▶ ASSIGNMENT: Copy every line from the one that holds "Sonbahar boyunca İngiltere" to the end of the records below, exactly and with nothing else, but without any pictures.

Start of EXERCISE MATERIALS

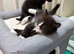 Last adorable long haired male Siamese cross kitten available now. .
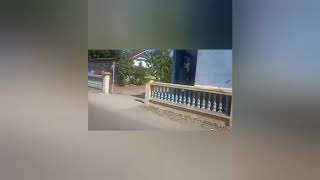 Ora biso mulih versi anak demangsari
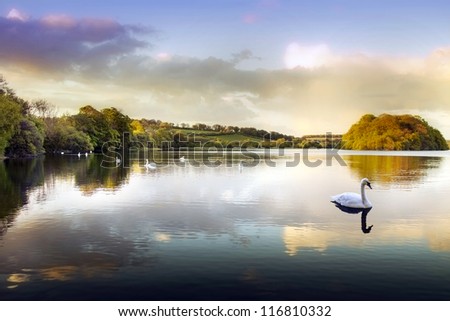Picture Of A Swan On A Lake In The Scottish Highlands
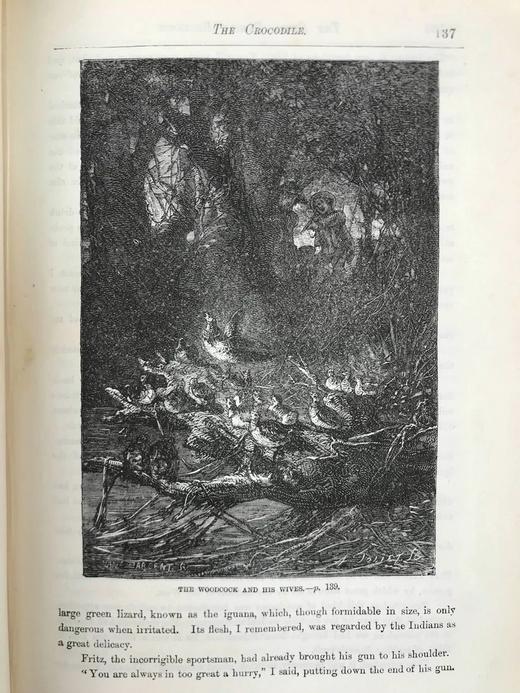 约19世纪后期 约翰·维斯《海角乐园》 数十幅精美插图 漆布精装18开 商品图10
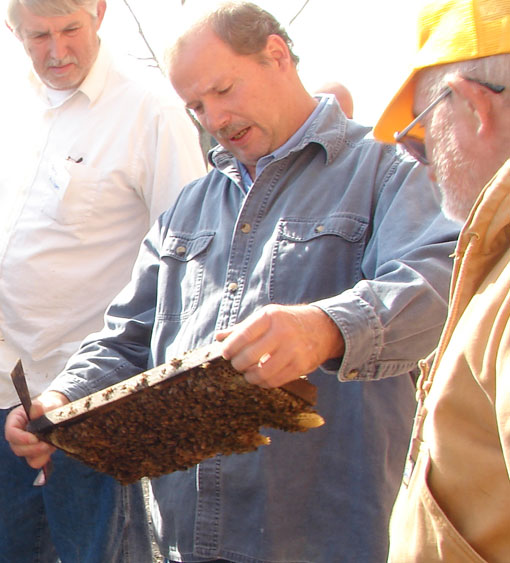 David shows us about splitting hives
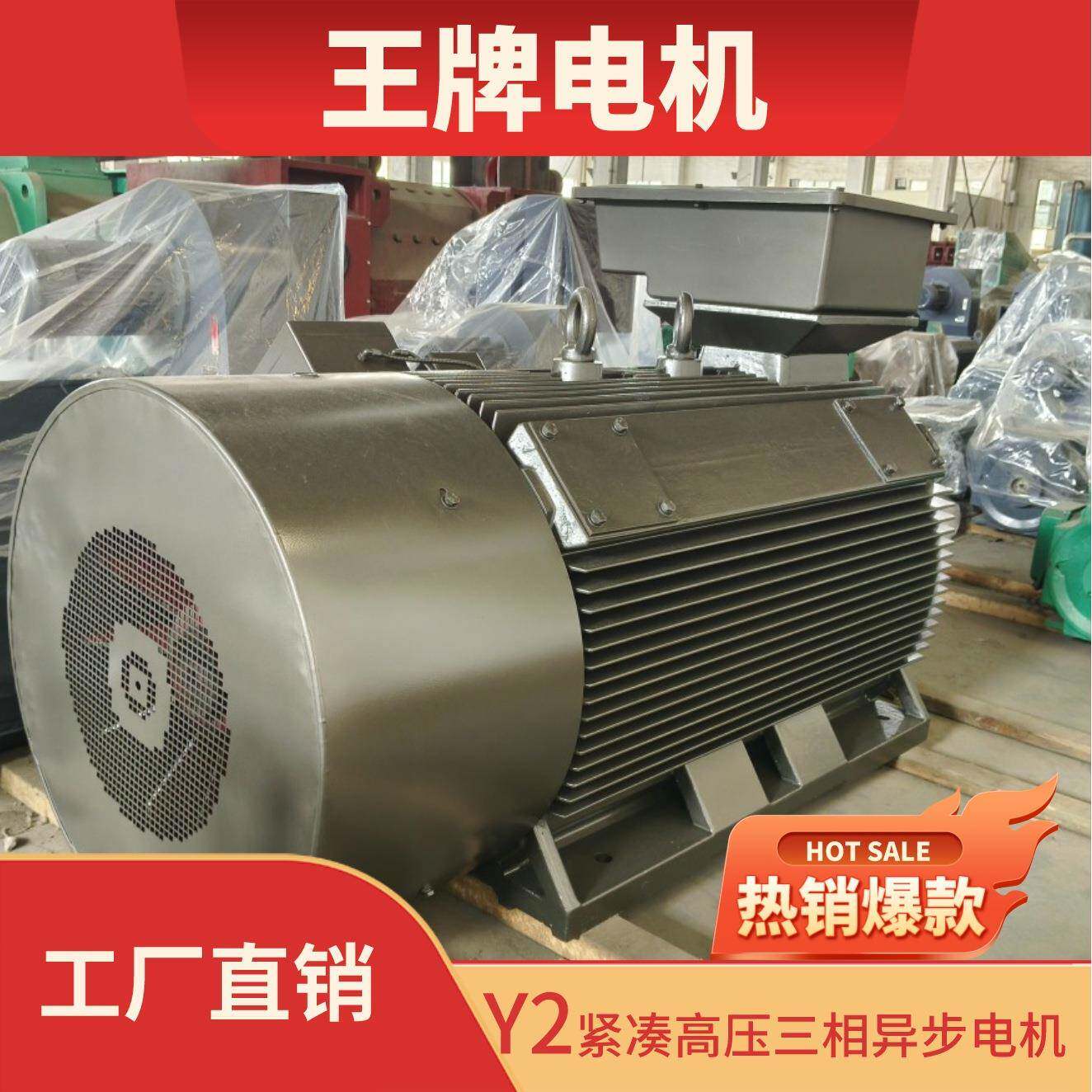 热销款厂家直销Y2全系列6000V高压紧凑型铸铁外壳三相异步电机
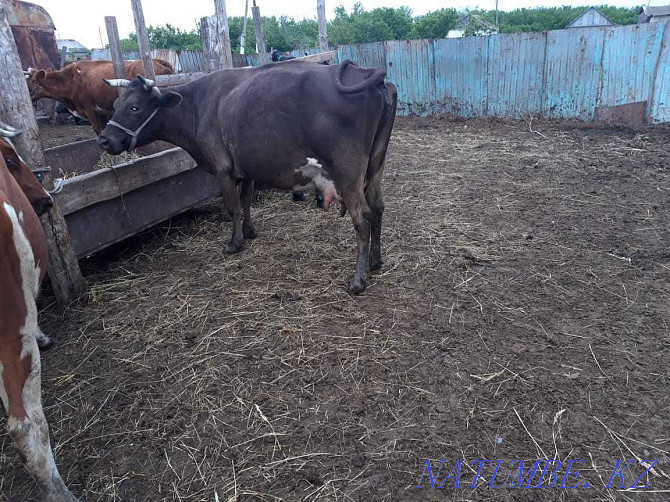 Sell dairy cows Kostanay - photo 7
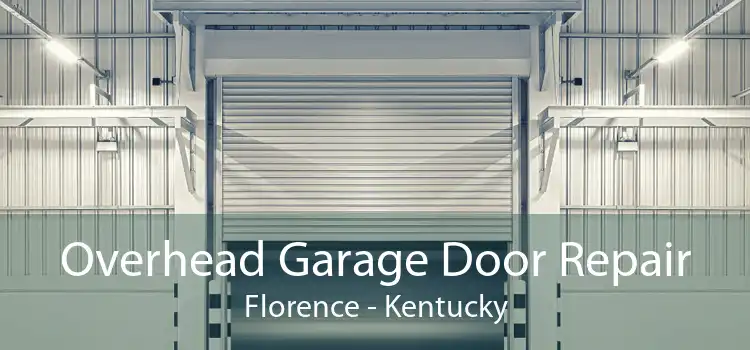 Overhead Garage Door Repair Florence - Kentucky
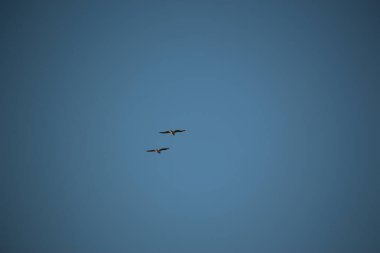 Sonbahar boyunca İngiltere 'nin Norfolk kentinde Blakeney dışında gelgit bataklıklarının üzerinde gün batımı 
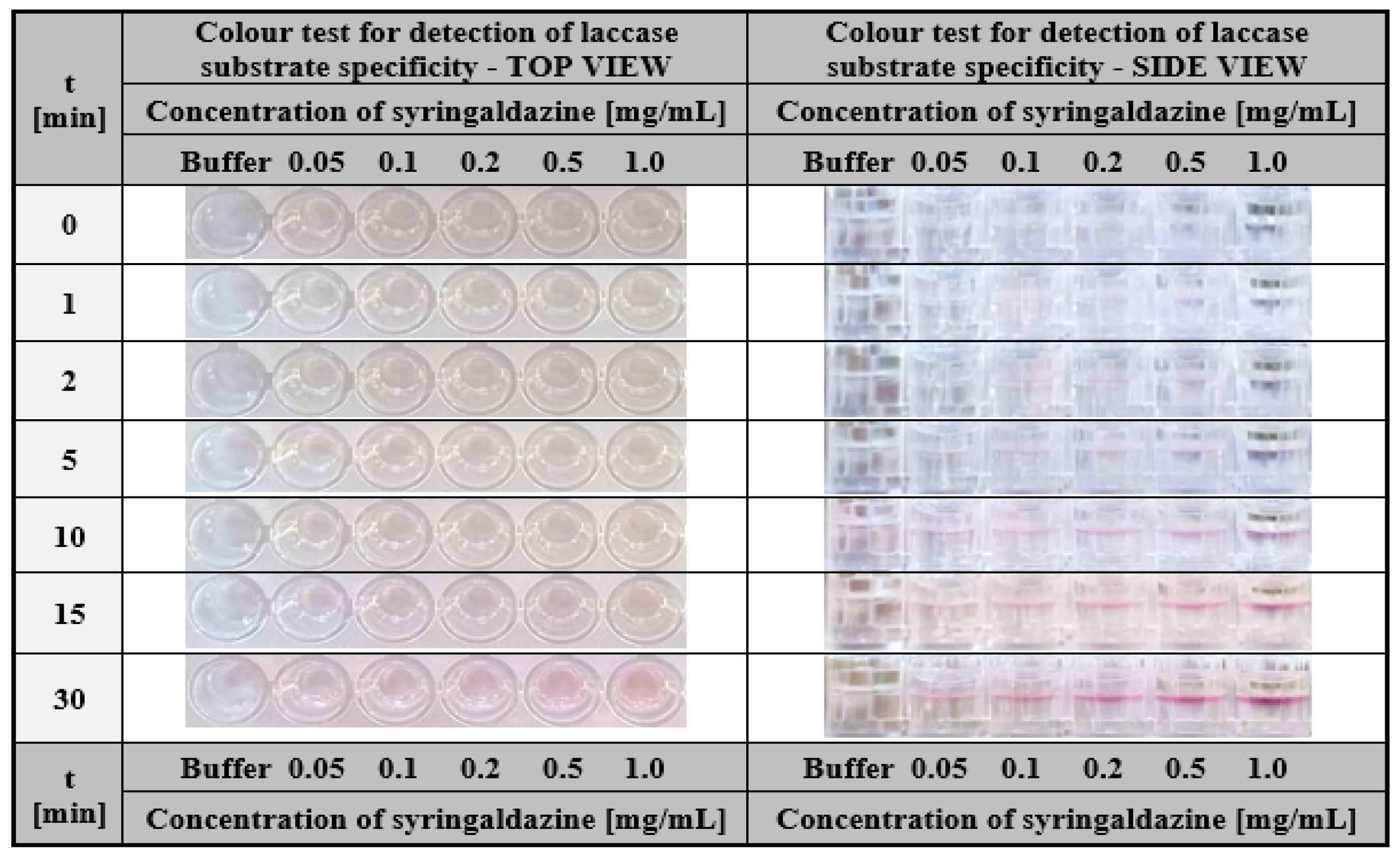 Ijms 24 00033 g012 Ijms 24 00033 g012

End of EXERCISE MATERIALS

▶ TASK RESPONSE:
 Sonbahar boyunca İngiltere 'nin Norfolk kentinde Blakeney dışında gelgit bataklıklarının üzerinde gün batımı 
 Ijms 24 00033 g012 Ijms 24 00033 g012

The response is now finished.